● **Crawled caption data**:

══════════════════════════════

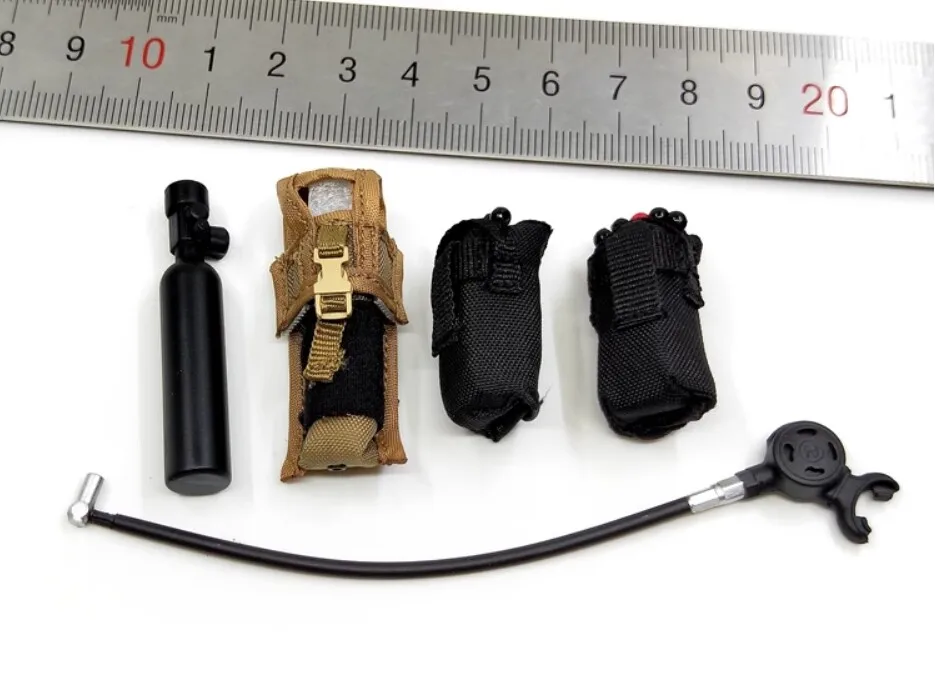 DAMTOYS 78088 1/6th Oxygen Cylinder Model for 12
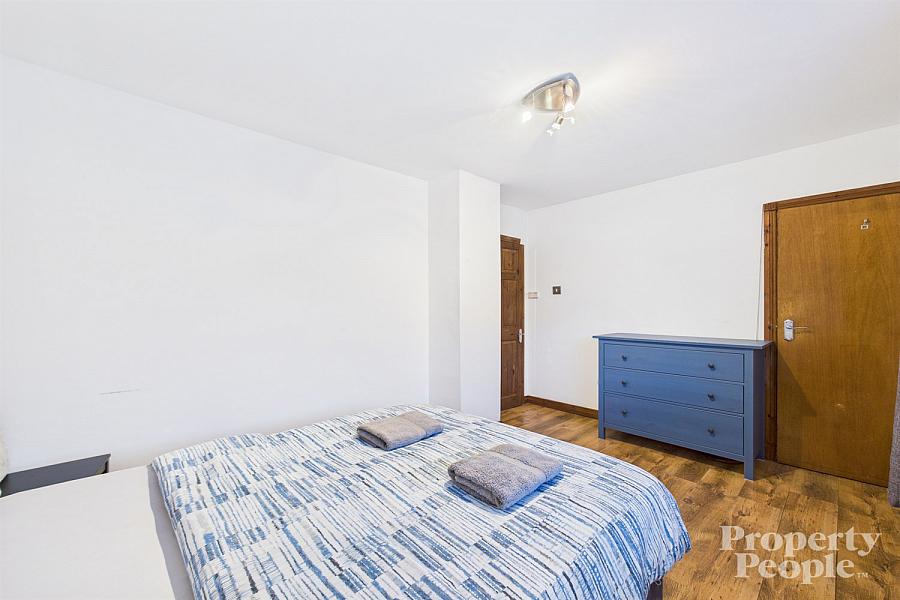 74 Gainsborough Drive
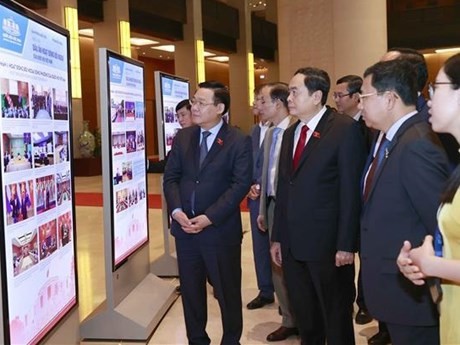 Parlamento de Vietnam traza tareas de relaciones exteriores en 2023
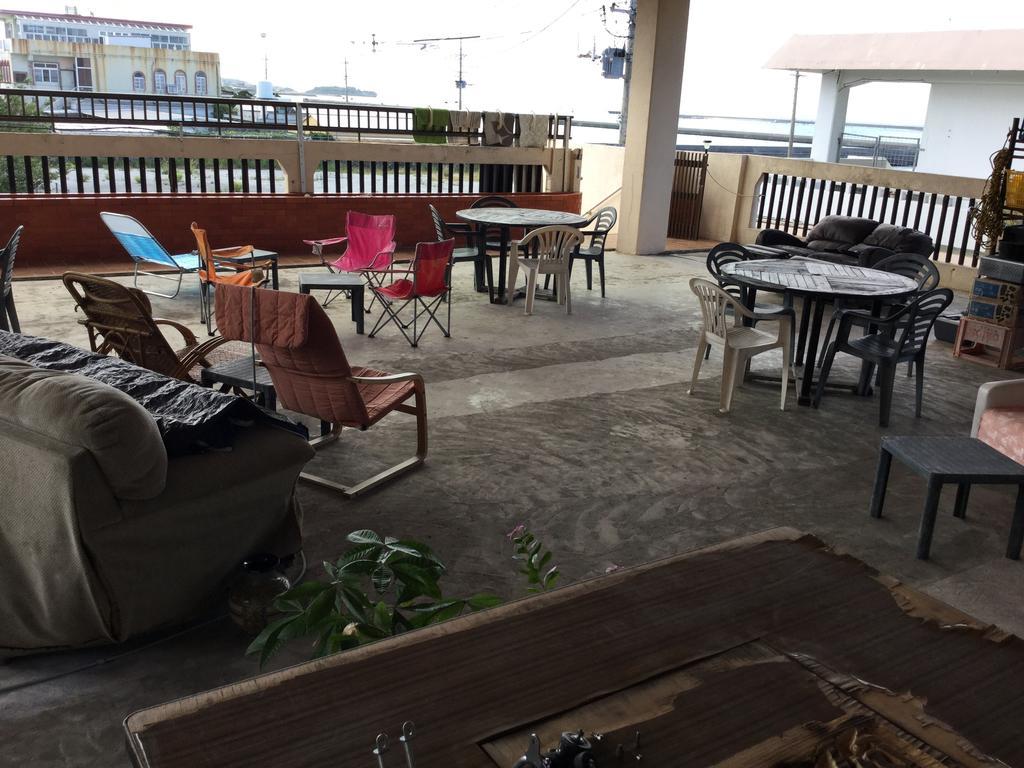 Hostel Yado Ari Itoman Luaran gambar
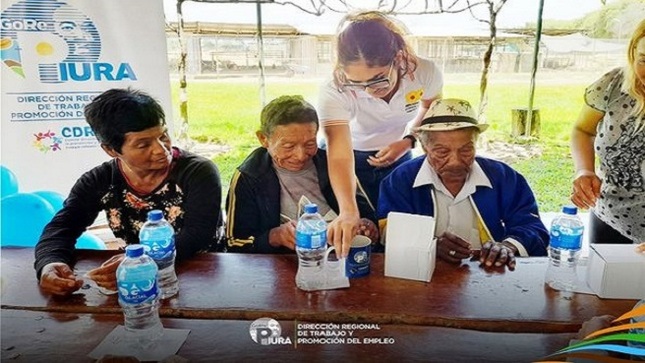 brindó una tarde llena de juegos y diversión a los adultos mayores del AA.HH Micaela Bastidas. Asimismo a través del CDRPETI, se les dio una charla de sensibilización respecto al trabajo forzoso, ya que ellos son parte de nuestra población vulnerable.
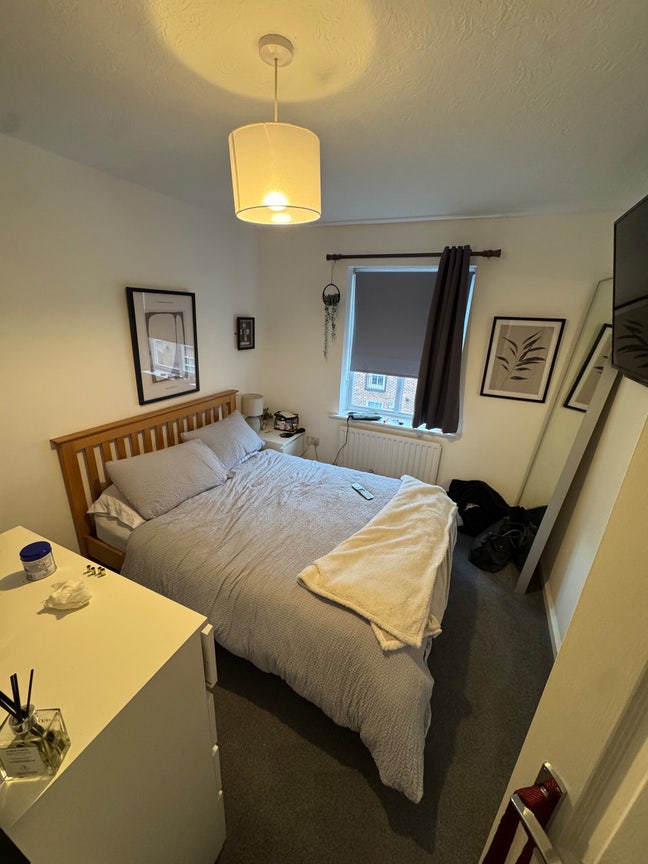 Private room + Bathroom in quiet house Main Photo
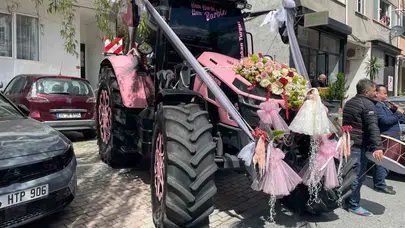 Geleneksel gelin arabalarını unutturdu: Sivas’tan getirdiği pembe traktörle İstanbul sokaklarını birbirine kattı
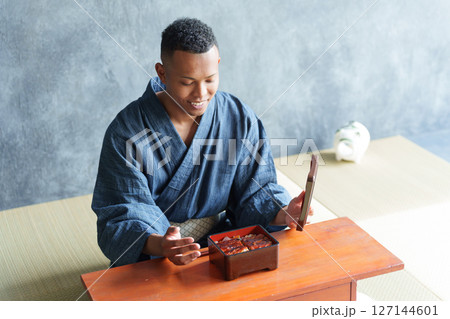 日本食を食べる外国人観光客 日本食を食べる外国人観光客 127144601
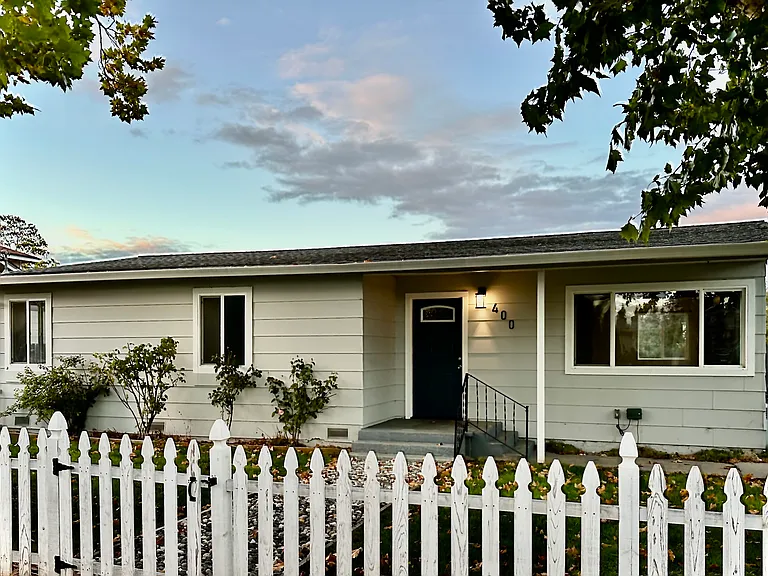 400 Stutsman Rd — Photo 1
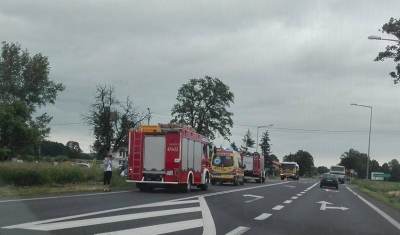 Wypadek na DK92 na wysokości Grzegorzewa. Są poszkodowani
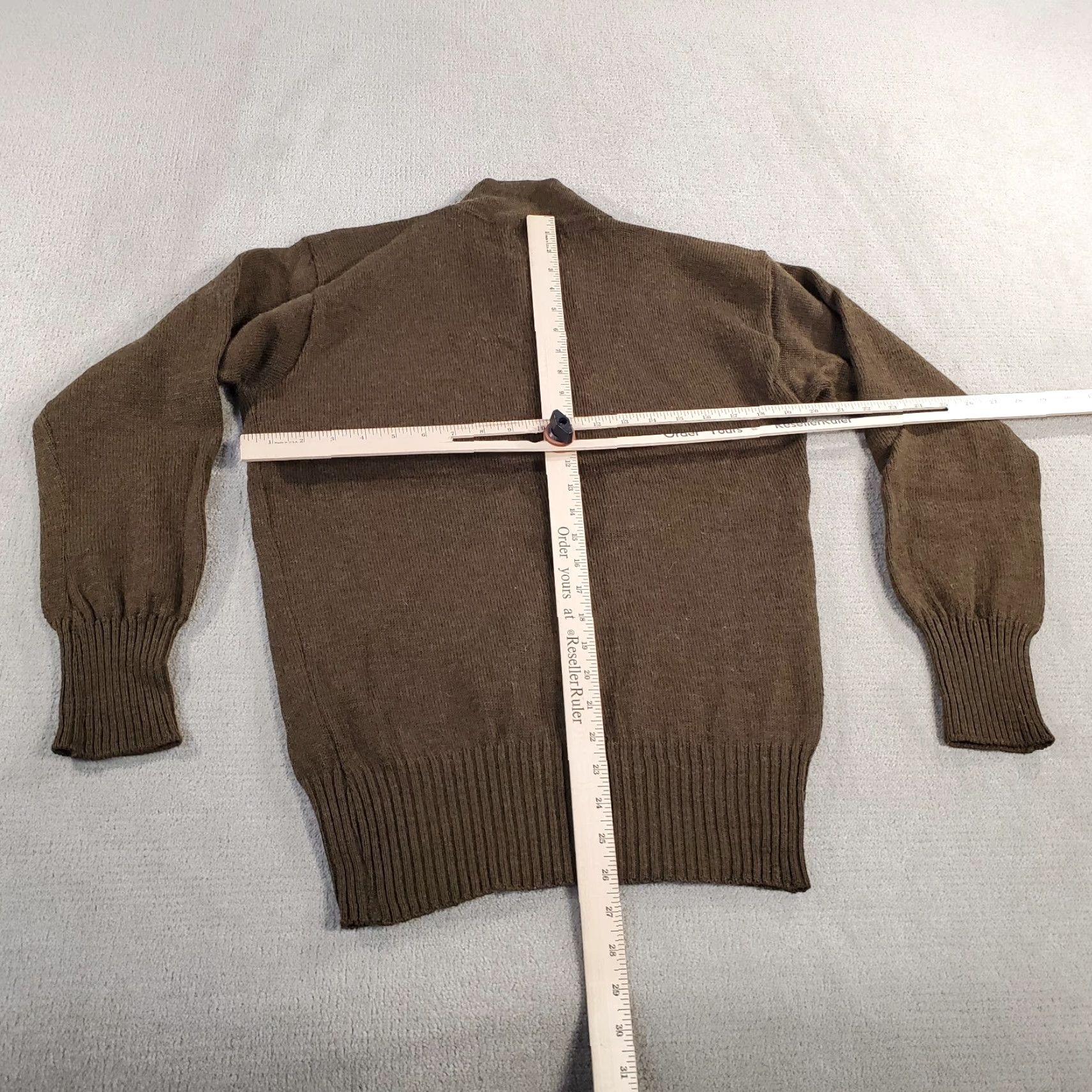 Vintage Military Sweater Mens Medium Green Wool Knit Pullover Henley 8405 00 163 8906 Size US M / EU 48-50 / 2 - 4 Thumbnail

══════════════════════════════

● **Exercise**: Output all the records, word for word, with no pictures in the copy.

● **Your response**:
 DAMTOYS 78088 1/6th Oxygen Cylinder Model for 12
 74 Gainsborough Drive
 Parlamento de Vietnam traza tareas de relaciones exteriores en 2023
 Hostel Yado Ari Itoman Luaran gambar
 brindó una tarde llena de juegos y diversión a los adultos mayores del AA.HH Micaela Bastidas. Asimismo a través del CDRPETI, se les dio una charla de sensibilización respecto al trabajo forzoso, ya que ellos son parte de nuestra población vulnerable.
 Private room + Bathroom in quiet house Main Photo
 Geleneksel gelin arabalarını unutturdu: Sivas’tan getirdiği pembe traktörle İstanbul sokaklarını birbirine kattı
 日本食を食べる外国人観光客 日本食を食べる外国人観光客 127144601
 400 Stutsman Rd — Photo 1
 Wypadek na DK92 na wysokości Grzegorzewa. Są poszkodowani
 Vintage Military Sweater Mens Medium Green Wool Knit Pullover Henley 8405 00 163 8906 Size US M / EU 48-50 / 2 - 4 Thumbnail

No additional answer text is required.